_Data supplied_.
########################################

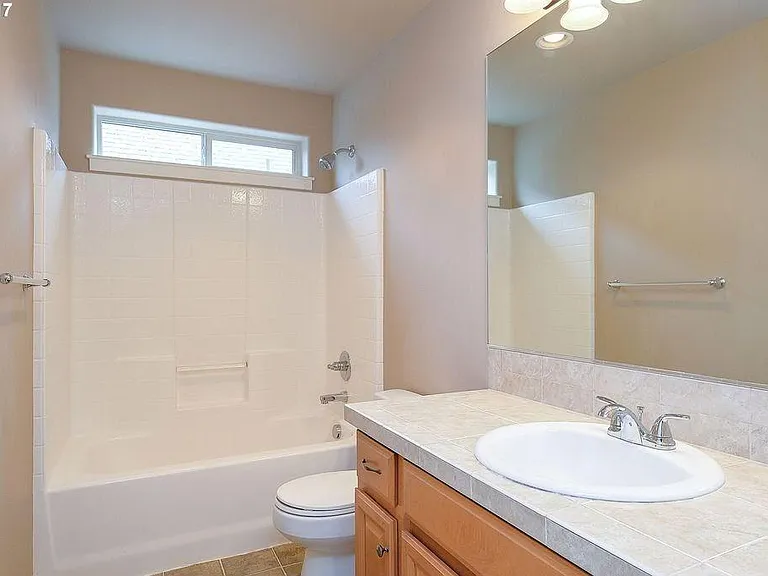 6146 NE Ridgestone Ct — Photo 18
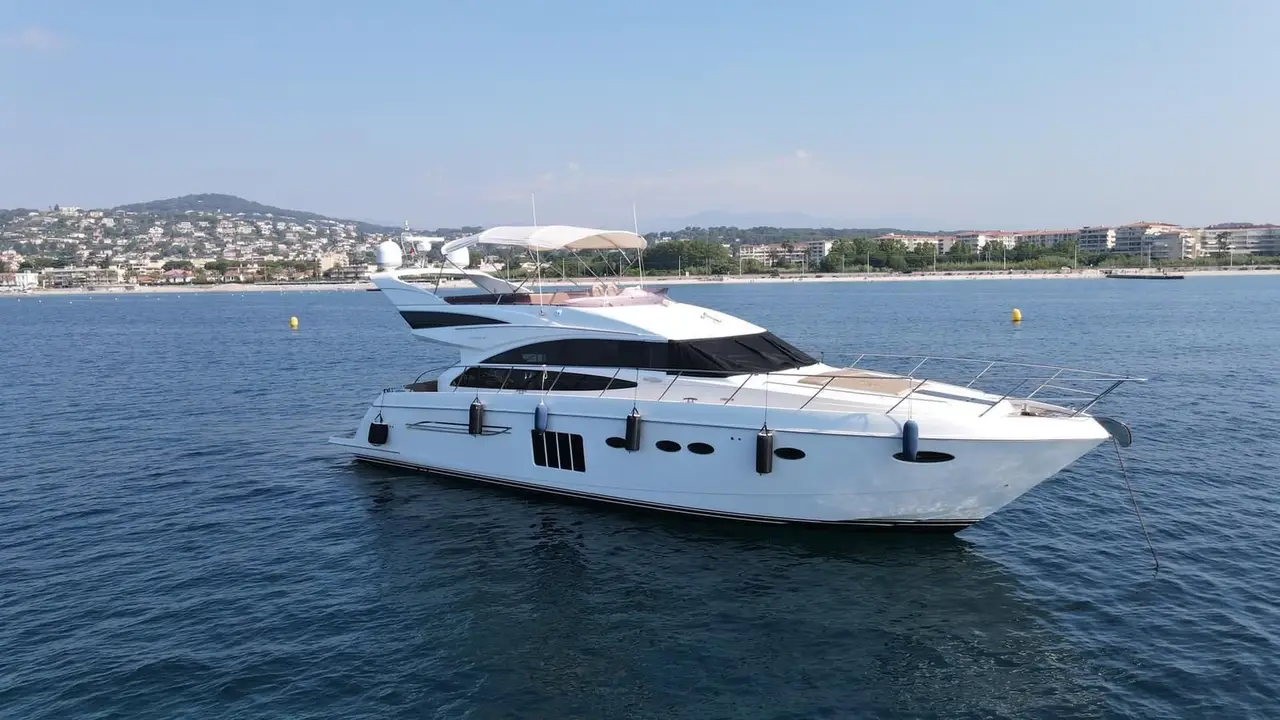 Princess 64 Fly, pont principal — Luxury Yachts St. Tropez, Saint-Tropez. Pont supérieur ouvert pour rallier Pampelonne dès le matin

########################################

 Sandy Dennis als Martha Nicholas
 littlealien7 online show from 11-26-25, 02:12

########################################

_Task prompt_.
Once you reach the line with "Sandy Dennis als Martha Nicholas" in the data above, copy it and every line after it exactly, up to and including the line with "littlealien7 online show".

_Result below_.
 Sandy Dennis als Martha Nicholas
 littlealien7 online show from 11-26-25, 02:12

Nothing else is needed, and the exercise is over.